Thursday, July 10, 2008

For People Who Are Homeless

Tuesday I went to a meeting of pastors that was convened by Rich Lang to begin a dialogue about how churches could perhaps take the work on homelessness up a notch or two and maybe even fight for justice when they're not too busy making sandwiches. Lots of my favorite people were there. Rich joked that I was invited as an honorary pastor to talk about Real Change's Organizing Project, and offered to have everyone do a laying on of hands to seal the deal. He also offered to convene an exorcism if that might be more helpful.

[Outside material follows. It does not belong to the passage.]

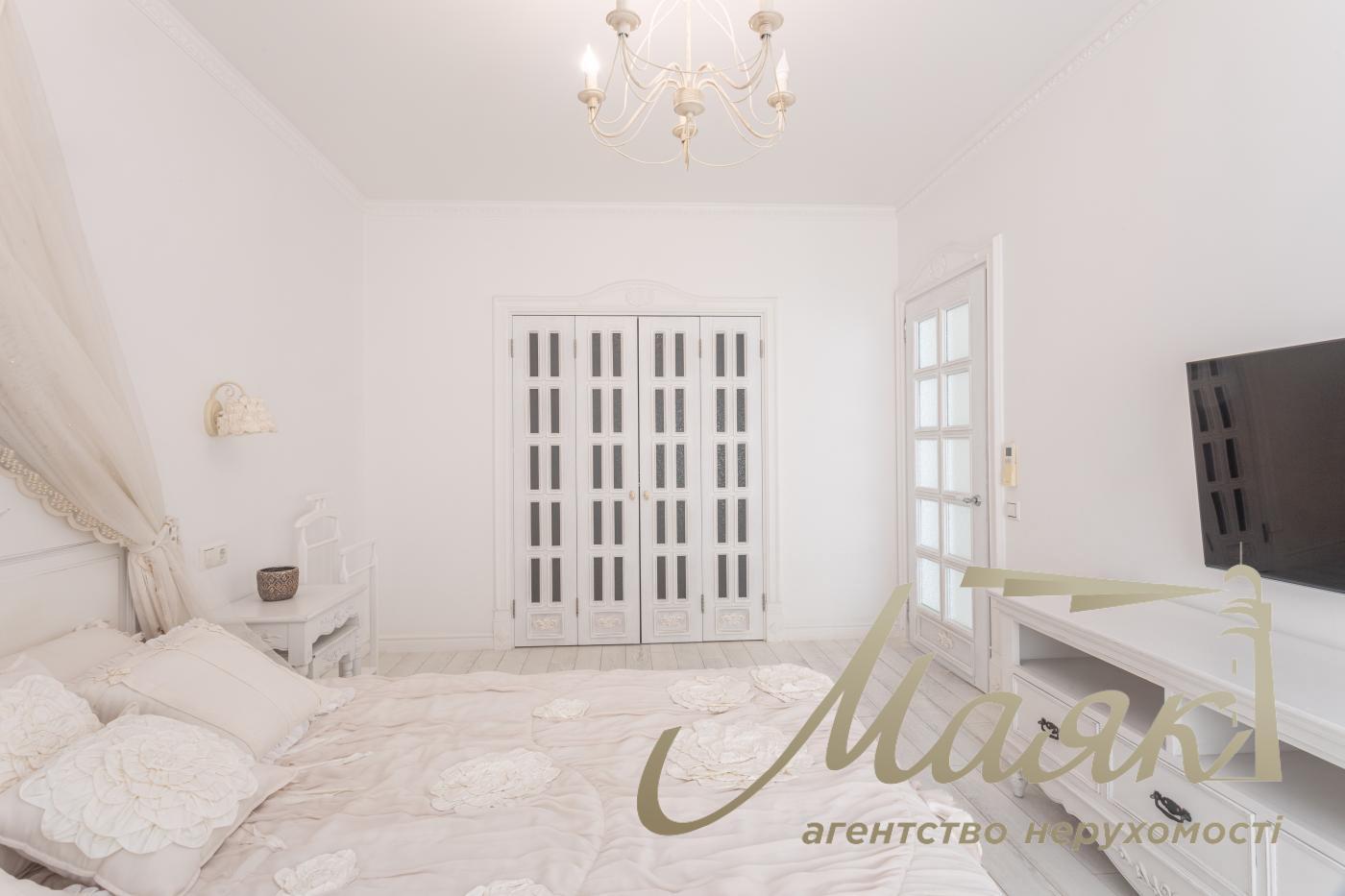 Продаж 3 кімнатної квартири в ЖК Park Avenue, пр-т Голосіївський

As an honorary pastor, I got to help read the closing prayer. It's from a radical minister in Atlanta named Eduard Loring, and appears in the collection Prayers For the New Social Awakening. I quite like it.
Hungry are we, Oh God of the oppressed, for justice.
Thirsty are we, O God of liberation, for human rights.
We come before you on this day-for-free.
Oh Creator,
That you are making
In the midst of the Empire's weapons
of mass distraction.

We come
to focus,
to commit,
to act,
to struggle,
to fight,
to love,
to shout as loud as we can,
to wage peace

for your abandoned ones
who wander the mean streets
with nowhere to go
in this nation at war
with Iraq, at itself.

You Companions of Compassion
who dearly love
beggars & prostitutes
children fighting rats under bridges,
starving mothers whose milk cannot nourish,
prisoners who sit in abandoned hell holes,
without the visits that your son commands.

You who
come to us in the stranger's guise as
drunks and addicts,
widows and orphans,
beggars in velvet,
mumblers and incoherent poets of your word of fire,
lost lawless lawyers whose bar code is: Out,
teachers who dared to tell the way the truth the life,
veterans who fought our war abroad,
& have no homes in their homeland (no security, no
patriots act for them.


You, Oh God of justice
cry out
like a woman alone in childbirth:

"Housing is a human right
Go tell it on the mountains
in the sanctuaries
on the streets
at the courthouse and the halls of congress,
House my People today,
I say,
In the fierce urgency of now.

Woe to you prosperity preachers,
Woe to you blind cruel police
who hurt and harm my unhoused.

Woe to those who own two houses while I sleep
in a barn.
Woe to the rich while I suffer from poverty.
Woe to the well-fed while I stand in a soup line.
Woe to those who cheer for tax cuts while
my people have nowhere to go but jail."

Help help help
us not simply to endure.
Grant us the strength to build the beloved community
on earth.
Carry on with love & struggle & sacrifice
on the streets.

Grant us dignity
as we build a destination of righteousness & justice,
of love & peace,
of equality and housing for all,
of human rights.

In the name of the one who lifted Dr. Martin
Luther King Jr.
to be the brightest light of this nation
As he followed in the footpath of Jesus the Human
One.
And as King confessed with his back against the wall:
"But amid all of this we have kept going with
the faith.
that as we struggle, God struggles with us
& that the arc of the moral universe, although long,
is bending toward justice."

In the names of
Abraham and Sarah,
Yahweh-Elohim,
Allah,
Jesus the Human One,
Harriett Tubman,
Malcolm & Martin

Amen.

1 comment:

Bruce from Accordion Noir said...

I always liked the story of the Open Door Community folks (Where Ed Loring works in Atlanta) working for public toilets. They blockaded city-hall bathrooms (on a few floors, but not all of them). They had toilets to sit on in the halls while barring the doors chanting, "Pee for free with dignity!"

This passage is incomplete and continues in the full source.